_WHAT TO WORK ON_
In the material below, find the line that contains "Sonnenuntergang in Heiligenhafen" and the line that contains "Soft Wave Gardenia Musk Shower Cream 650ML", then write out exactly those two lines and everything between them.

_GIVEN DATA_

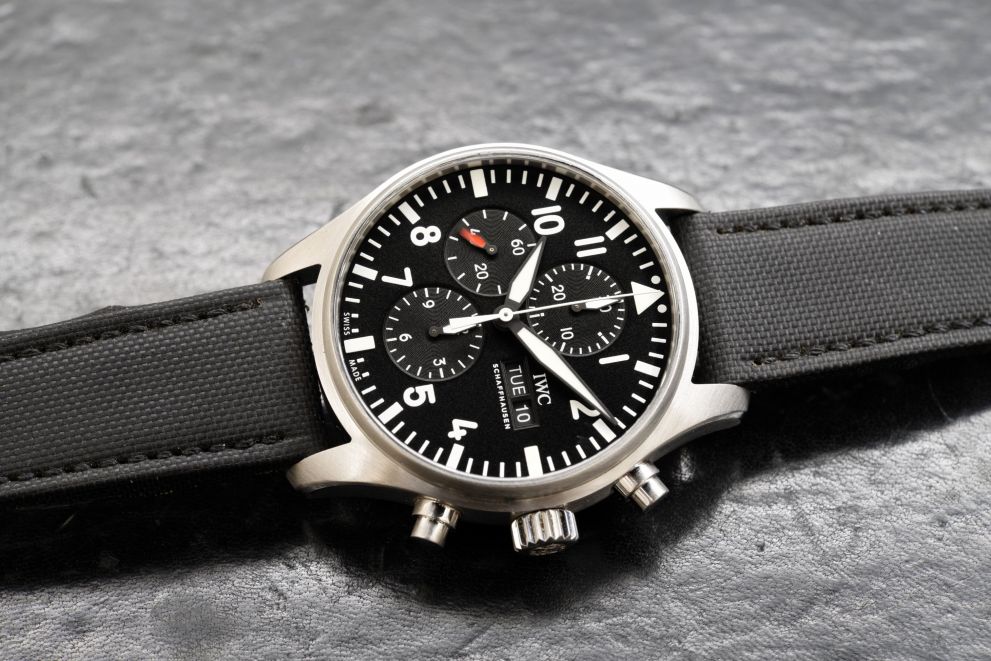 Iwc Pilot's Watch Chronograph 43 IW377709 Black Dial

--

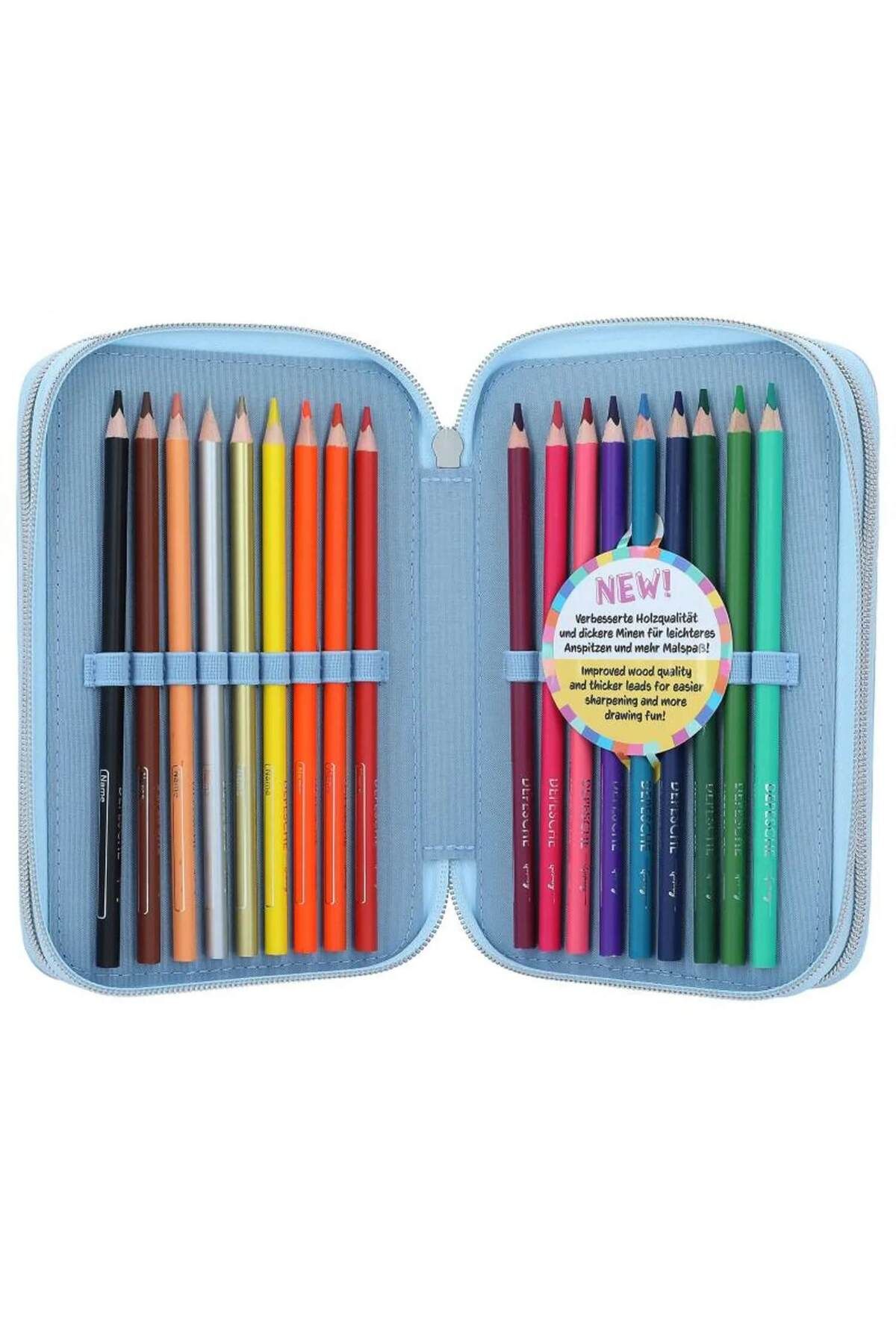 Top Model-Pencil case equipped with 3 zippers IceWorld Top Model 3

* * *

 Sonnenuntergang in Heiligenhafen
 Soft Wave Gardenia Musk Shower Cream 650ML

_TASK RESULT_
 Sonnenuntergang in Heiligenhafen
 Soft Wave Gardenia Musk Shower Cream 650ML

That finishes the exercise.